Ce scandale est néanmoins intéressant à cause de sa substance. Le scandale de Watergate, — référence inévitable dans cette sorte de circonstances, — ne reposait sur rien de fondamental en matière de politique et impliquait un homme seul et son entourage proche. Le scandale Miller-Plame, au contraire, est le fil rouge conduisant au “scandale du siècle” qui implique tout un système: la campagne de mensonge systématique développée pour “vendre” au public américain et au Congrès la guerre contre l’Irak. Frank Rich, du New York Times, résume parfaitement cela: « ...Now, as always, what matters most in this case is not whether Mr. Rove and Lewis Libby engaged in a petty conspiracy to seek revenge on a whistle-blower, Joseph Wilson, by unmasking his wife, Valerie, a covert C.I.A. officer. What makes Patrick Fitzgerald's investigation compelling, whatever its outcome, is its illumination of a conspiracy that was not at all petty: the one that took us on false premises into a reckless and wasteful war in Iraq. That conspiracy was instigated by Mr. Rove's boss, George W. Bush, and Mr. Libby's boss, Dick Cheney.
» Mr. Wilson and his wife were trashed to protect that larger plot. Because the personnel in both stories overlap, the bits and pieces we've learned about the leak inquiry over the past two years have gradually helped fill in the über-narrative about the war. Last week was no exception. Deep in a Wall Street Journal account of Judy Miller's grand jury appearance was this crucial sentence: “Lawyers familiar with the investigation believe that at least part of the outcome likely hangs on the inner workings of what has been dubbed the White House Iraq Group.” »
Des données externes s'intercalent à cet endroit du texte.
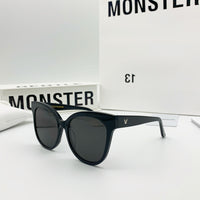 S-sunglasses New Gentle Monster man or Women eyeware Lightweight Rectangular Sunglasses UV400 Protection For LA ROUGE BACK 01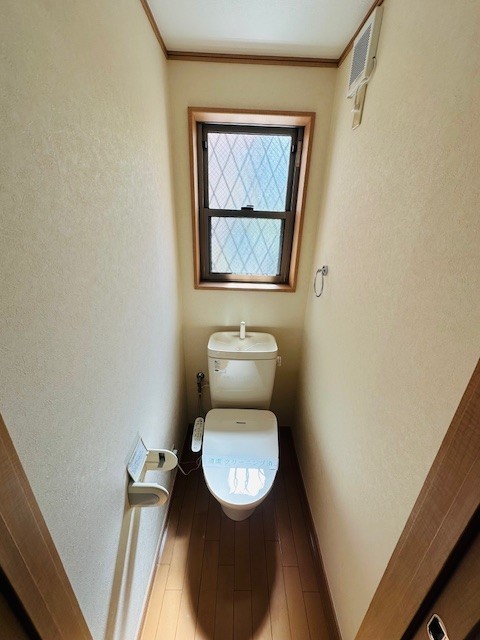 アップルハウス0101号室 トイレ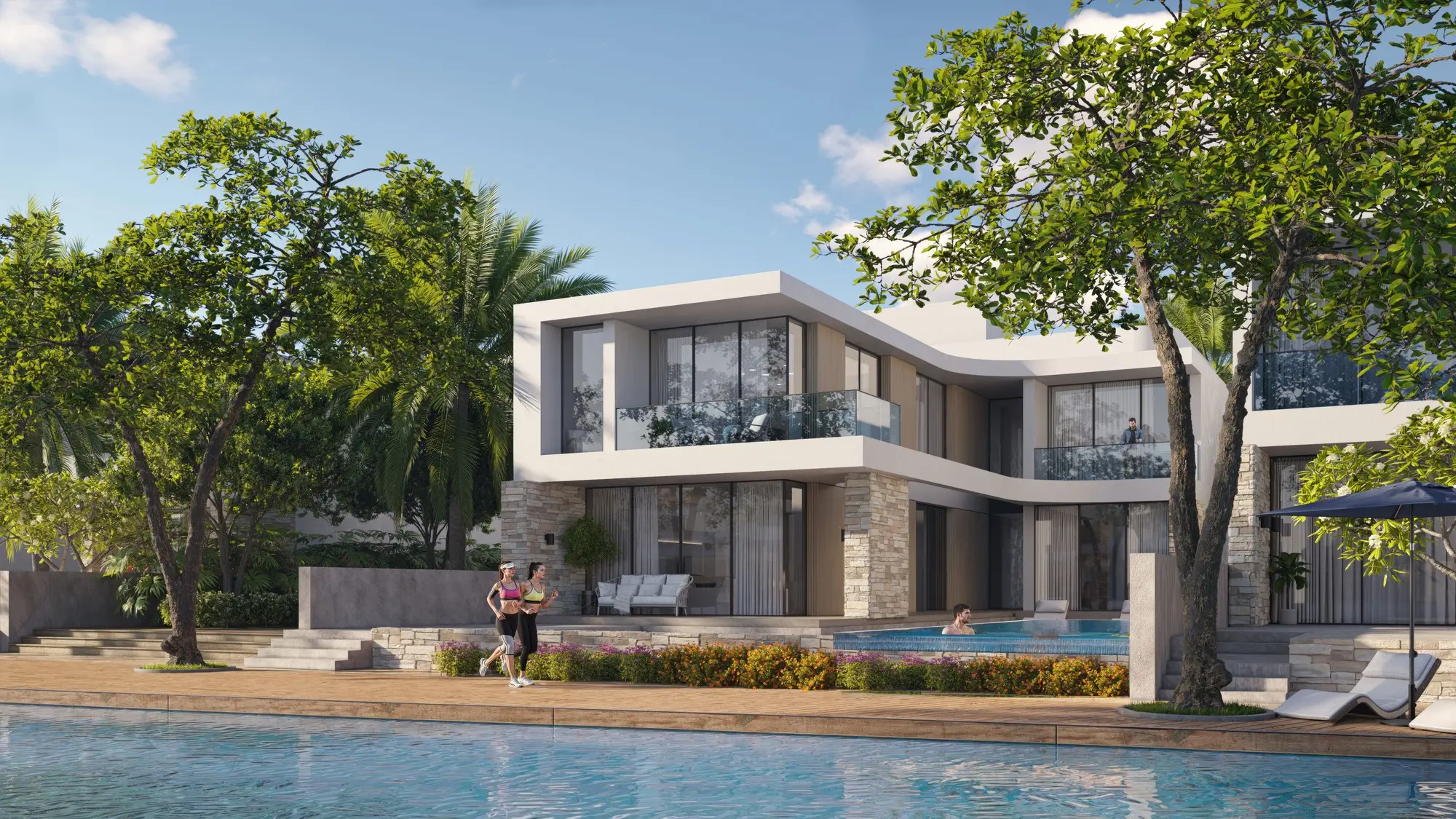 Sobha Siniya Island Villas Phase 2 — image 9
Rich donne des détails intéressants sur le White House Iraq Group (WHIG), qui regroupait huit personnes, — Cheney et son adjoint Libby, Karl Rove, le directeur de cabinet de GW Andrew Card, Condoleeza Rice et son adjoint Stephan Headley, deux spécialistes de la promotion et des médias Karen Hughes et Mary Matalin. Rich écrit : « Of course, the official Bush history would have us believe that in August 2002 no decision had yet been made on that war. Dates bracketing the formation of WHIG tell us otherwise. On July 23, 2002 — a week or two before WHIG first convened in earnest — a British official told his peers, as recorded in the now famous Downing Street memo, that the Bush administration was ensuring that “the intelligence and facts” about Iraq's W.M.D.'s “were being fixed around the policy'' of going to war. And on Sept. 6, 2002 — just a few weeks after WHIG first convened — Mr. Card alluded to his group's existence by telling Elisabeth Bumiller of The New York Times that there was a plan afoot to sell a war against Saddam Hussein: “From a marketing point of view, you don't introduce new products in August.”
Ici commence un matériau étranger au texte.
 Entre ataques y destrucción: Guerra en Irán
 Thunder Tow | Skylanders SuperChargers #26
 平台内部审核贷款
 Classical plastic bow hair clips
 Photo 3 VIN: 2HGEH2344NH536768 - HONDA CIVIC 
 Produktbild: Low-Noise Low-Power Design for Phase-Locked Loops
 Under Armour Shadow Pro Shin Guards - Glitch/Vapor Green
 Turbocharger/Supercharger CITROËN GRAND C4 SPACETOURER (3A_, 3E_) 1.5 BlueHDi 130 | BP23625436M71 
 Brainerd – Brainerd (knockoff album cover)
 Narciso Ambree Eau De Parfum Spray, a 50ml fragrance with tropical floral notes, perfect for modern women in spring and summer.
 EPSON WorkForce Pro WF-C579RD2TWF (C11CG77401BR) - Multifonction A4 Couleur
» The official introduction of that product began just two days later. On the Sunday talk shows of Sept. 8, Ms. Rice warned that “we don't want the smoking gun to be a mushroom cloud,” and Mr. Cheney, who had already started the nuclear doomsday drumbeat in three August speeches, described Saddam as “actively and aggressively seeking to acquire nuclear weapons.” The vice president cited as evidence a front-page article, later debunked, about supposedly nefarious aluminum tubes co-written by Judy Miller in that morning's Times. The national security journalist James Bamford, in ‘A Pretext for War,’ writes that the article was all too perfectly timed to facilitate “exactly the sort of propaganda coup that the White House Iraq Group had been set up to stage-manage.” »
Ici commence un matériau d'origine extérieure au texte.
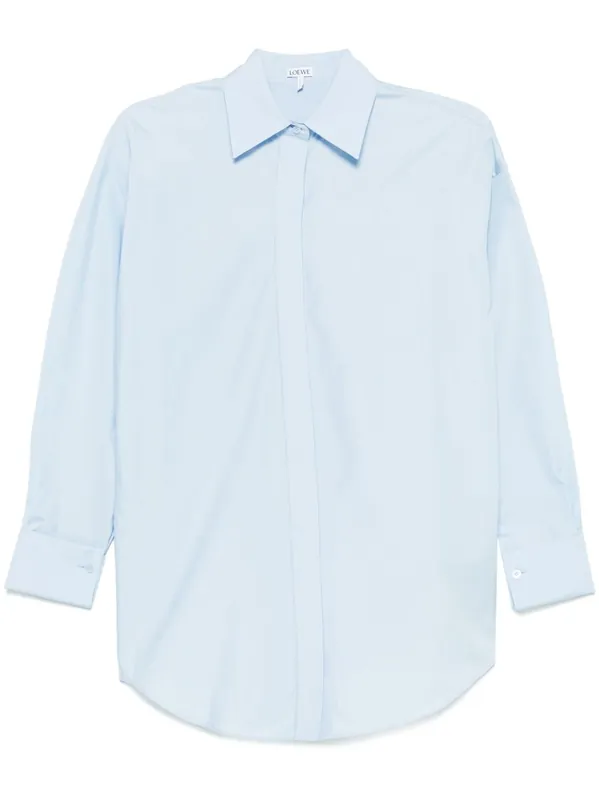 Cotton Shirt - Loewe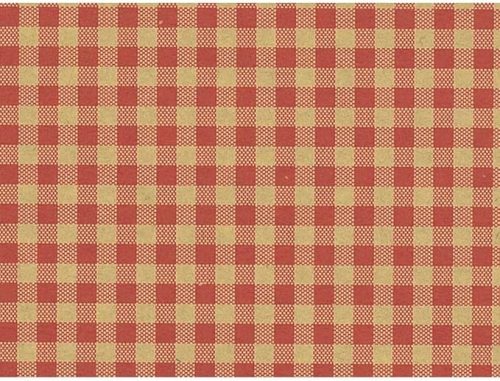 ヘイコー(HEIKO) HEIKO 包装紙 半才 ギンガム2 R 100枚 4901755205534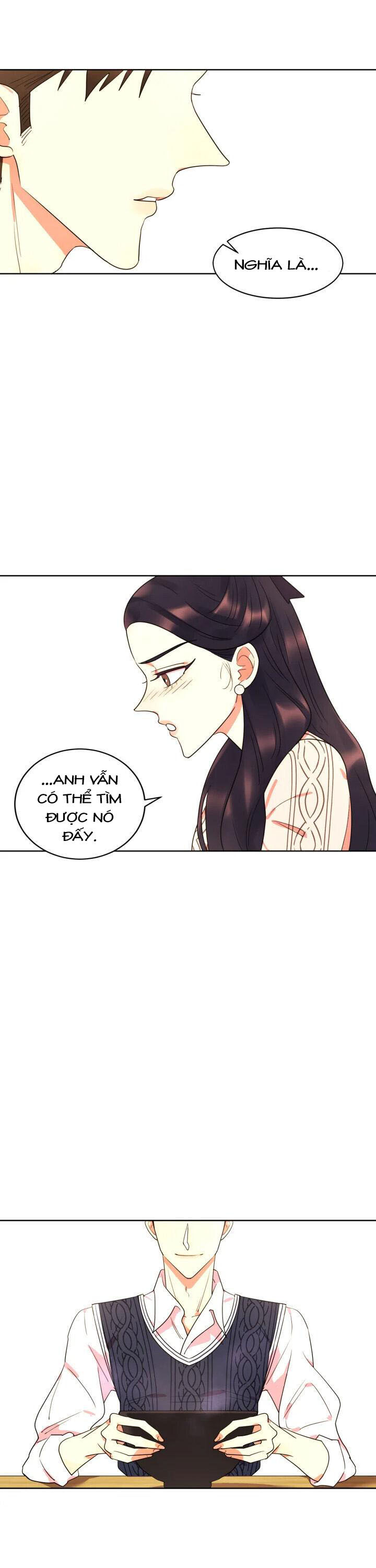 tiểu thuyết đầu tay của ác nữ chapter 12.2 10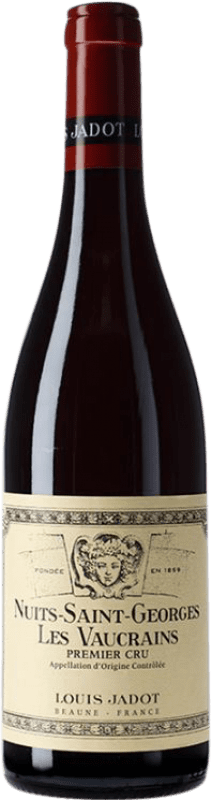 149,95 € | 红酒 Louis Jadot Premier Cru Les Vaucrains A.O.C. Nuits-Saint-Georges 勃艮第 法国 Pinot Black 75 cl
Il est possible que nous soyons en train de déboucher sur le grand scandale de la présidence GW Bush, — un tel scandale, la moindre des justices que mérite cette administration. Les implications sont intéressantes et infinies, parce que l’affaire va au cœur de la principale, voire la seule politique de l’administration. Elle met dans le champ juridique l’imposture générale de cette politique, par ailleurs connue et documentée publiquement comme jamais imposture ne fut. Cela suppose, si l’affaire passe effectivement au plan juridique, une cascade sans fin de révélations qui va secouer Washington, mais aussi Londres et les divers “alliés” de GW recrutés par les moyens habituels en Europe et ailleurs. Là aussi, on voit la différence fondamentale d’avec le Watergate. C’est une part très importante de l’establishment occidental qui est menacée d’une méchante déstabilisation, lui qui n’est déjà plus si frais.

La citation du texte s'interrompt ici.